Preaching a gospel of the Ten Commandments of clean living, based on faith in God and in salvation in Jesus Christ, and not restrained by the fear of mispronounced words or the crooks and turns of theological hair-splitting, he made the gospel clear and became the founder of the Baptist denomination in the counties of Grey and Bruce... Listening back through the years, we hear him preaching with all the power of his strong body and sincere soul, and with a rich Scotch accent, about "the unsarchable riches of Jesus Christ", or "If the salt has lost its saviour". It would be a good thing to put more of this Saviour into much of the polite non-evangelistic preaching of today. He had some power from on High which made converts, for which a total of nearly fifty years spent in college and theological seminaries by his ministerial descendants has not furnished a substitute. The polish of culture might have helped but the soul stuff which is under the surface is what counted.

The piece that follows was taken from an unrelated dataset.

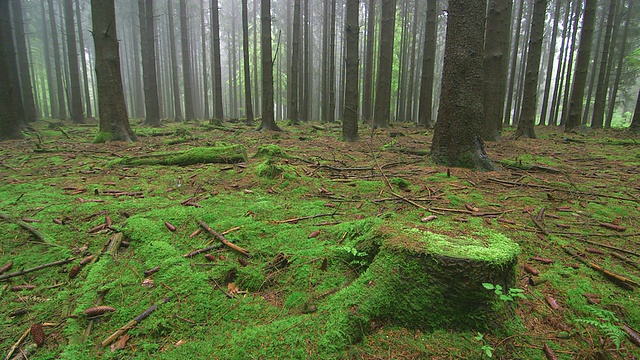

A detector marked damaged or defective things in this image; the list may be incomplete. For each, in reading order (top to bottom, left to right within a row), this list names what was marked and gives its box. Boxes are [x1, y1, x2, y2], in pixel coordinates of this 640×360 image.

broken stick [198, 219, 250, 256]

He was fearless. A woman was persuaded to be baptized. Her husband threatened to shoot him if he baptized her. Nevertheless, he proceeded to baptize her, and later the husband, without his gun, appeared, and asked for baptism. Rough men, swearing, drunk and fighting, did not scare him. Out of the most robust sinners he had the hope of making the staunchest Christians. Neither did he fear the forest or the hazards of stormy weather. He waded a swollen stream where broken ice was floating, in order to get to one of his appointments.

Toronto ministerial students who hoped to find a living in a parish in what was then the new settled country, went home complaining that that man Stewart had the whole region taken care of by his long walks, and that they could not make a living. Well, neither was that man Stewart making a living. He did, however, take out the stumps and blaze the trail for the Way to God for many people.

The Rev. Alex Stewart continued to come to Dwight for most of the summers around 1900. But he was too old for further pioneering, and people began to expect preaching with a university flavor. The log cabin parsonage was given to Mary McGinn Stewart (Mrs. Joseph W. A. Stewart) on condition that her husband [Alexander's son] preach in the church in summer time during his vacations. This sacred trust was faithfully carried out by the late Dr. [J. W. A.] Stewart, for fifty years, and then was ably taken care of by Dr. Stewart's third son, the Rev. Harold S. Stewart. ... [The Dwight property has been the summer home and reunion place for the Stewart family ever since.]

He used to complain to visitors in his last days, saying, "I want to go back and preach in Muskoka, but the family (meaning his daughter) won't let me."